Captioned web image data:
↓
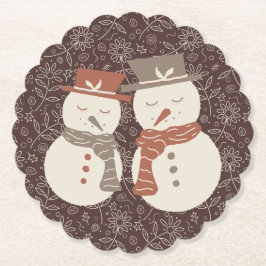 Posavasos De Papel Mellow Snowmen - dos lindas parejas de muñecos de 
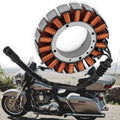 3-phase generator stator coil with orange copper windings, gray mounting ring, black leads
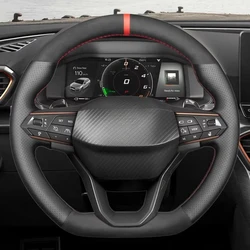 For Seat Leon Ateca Tarraco 2020-2021 Seat Cupra Leon Hand Sewing Car Steering Wheel Cover Braid Soft Suede Leather Trim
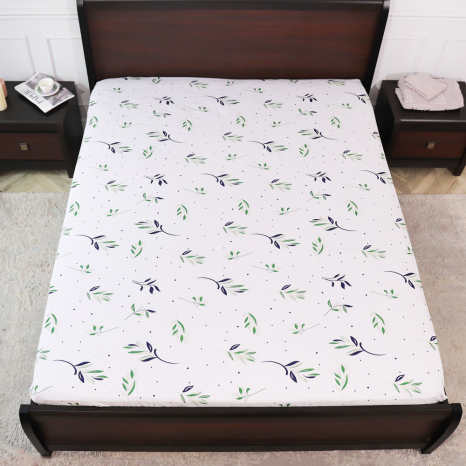 Простирадло на резинці (120*200*25) біле з рослинним принтом №668273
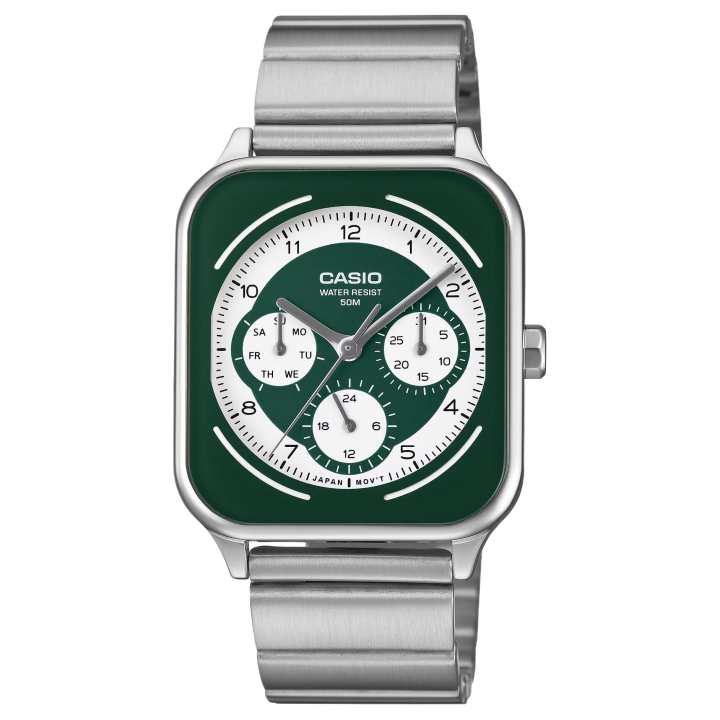 CASIO CASIO STANDARD Quartz Movement Stainless Steel Strap Watch 44.5*34mm Men's Watches Green Dial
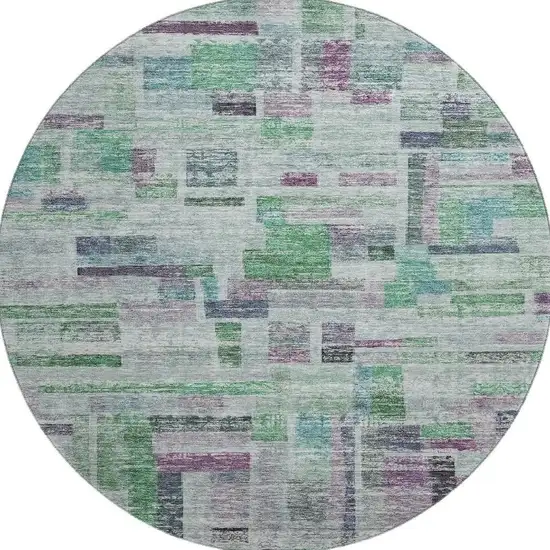 8' Artichoke Green Purple And Teal Striped Washable Round Rug With UV Protection Photo 3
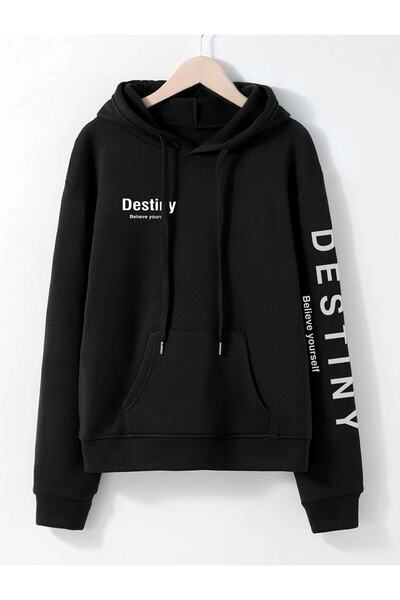 aynewmoda Hanorac oversize cu glugă cu imprimeu Destiny unisex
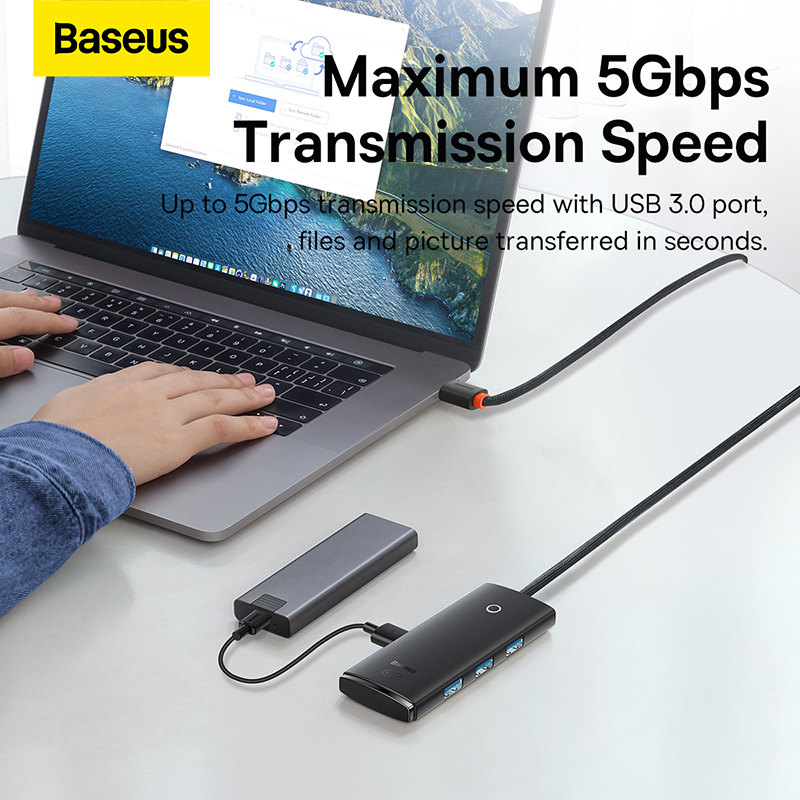 Picture of Baseus Hub Lite Series 4-Port USB-A HUB Adapter 4X USB 3.0 Black 2m WKQX030201 - Black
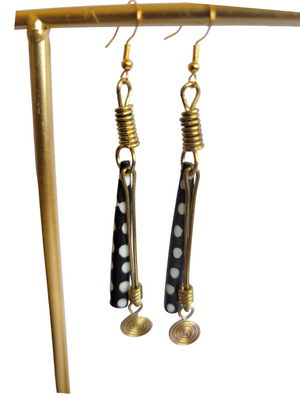 Polka Dot & Brass Earrings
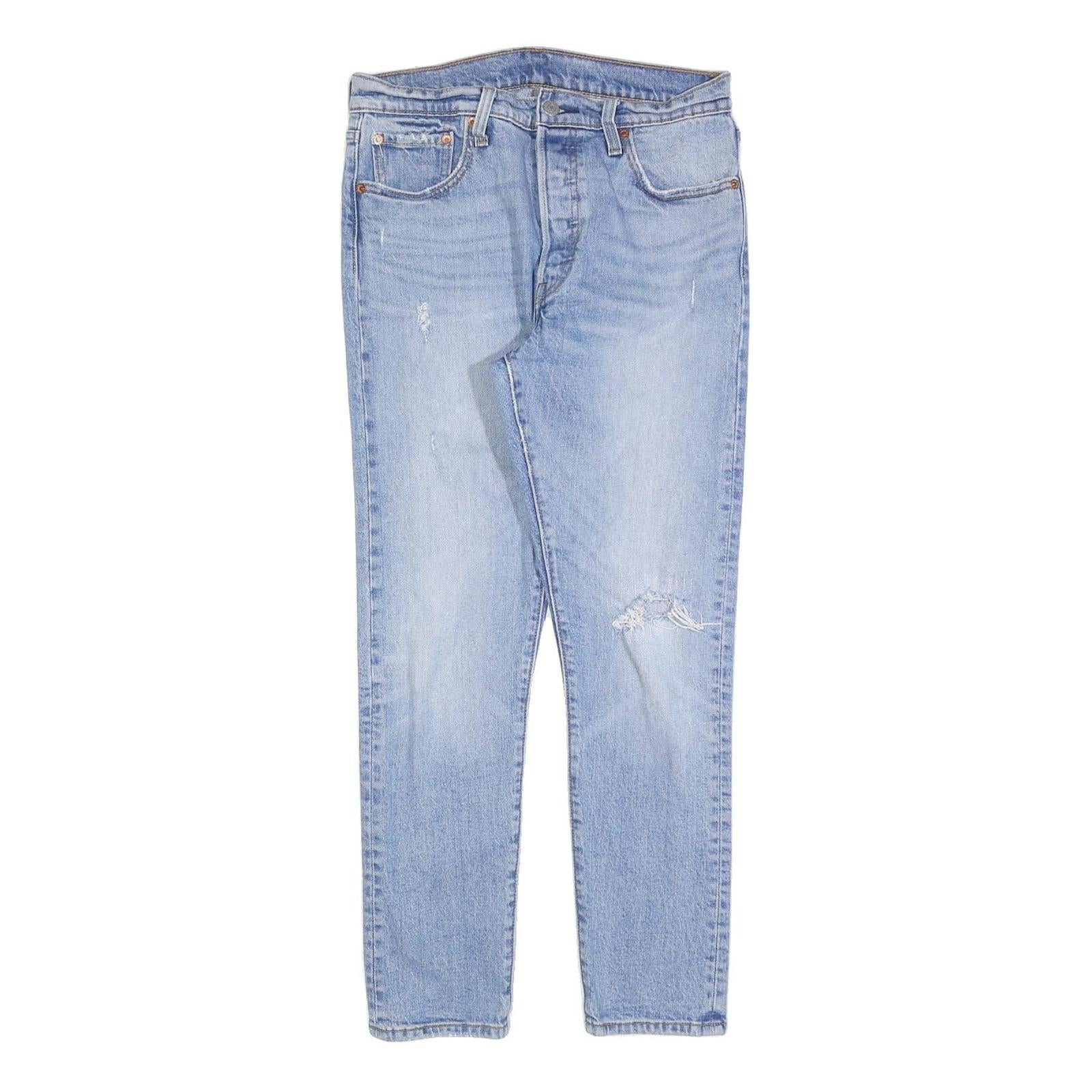 LEVI'S 501S Womens Jeans Blue Slim Straight Denim Light W29 L28 Distressed Refurbished - N/A refurbished available on Cerqular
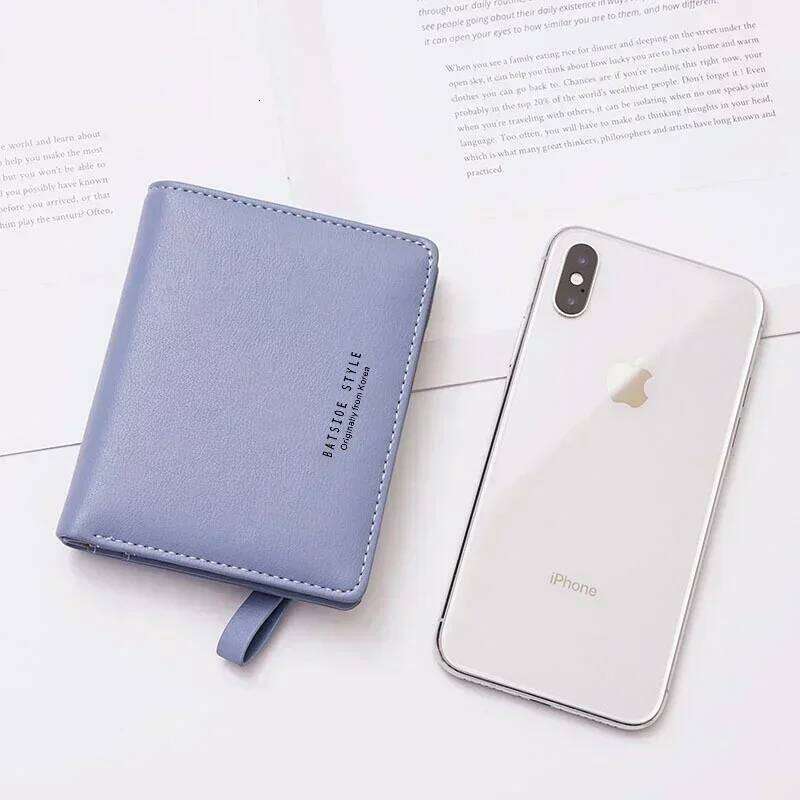 Thin Style Women Wallets Zipper Coin Bag in Back Blue Soft Leather Ladies Card Holder Slim Purse Female Wallet Mini Short 2024 C260304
↑
- _Directions_: Set all of the records down once more, letter for letter, with the images removed.

- _Solution below_:
 Posavasos De Papel Mellow Snowmen - dos lindas parejas de muñecos de 
 3-phase generator stator coil with orange copper windings, gray mounting ring, black leads
 For Seat Leon Ateca Tarraco 2020-2021 Seat Cupra Leon Hand Sewing Car Steering Wheel Cover Braid Soft Suede Leather Trim
 Простирадло на резинці (120*200*25) біле з рослинним принтом №668273
 CASIO CASIO STANDARD Quartz Movement Stainless Steel Strap Watch 44.5*34mm Men's Watches Green Dial
 8' Artichoke Green Purple And Teal Striped Washable Round Rug With UV Protection Photo 3
 aynewmoda Hanorac oversize cu glugă cu imprimeu Destiny unisex
 Picture of Baseus Hub Lite Series 4-Port USB-A HUB Adapter 4X USB 3.0 Black 2m WKQX030201 - Black
 Polka Dot & Brass Earrings
 LEVI'S 501S Womens Jeans Blue Slim Straight Denim Light W29 L28 Distressed Refurbished - N/A refurbished available on Cerqular
 Thin Style Women Wallets Zipper Coin Bag in Back Blue Soft Leather Ladies Card Holder Slim Purse Female Wallet Mini Short 2024 C260304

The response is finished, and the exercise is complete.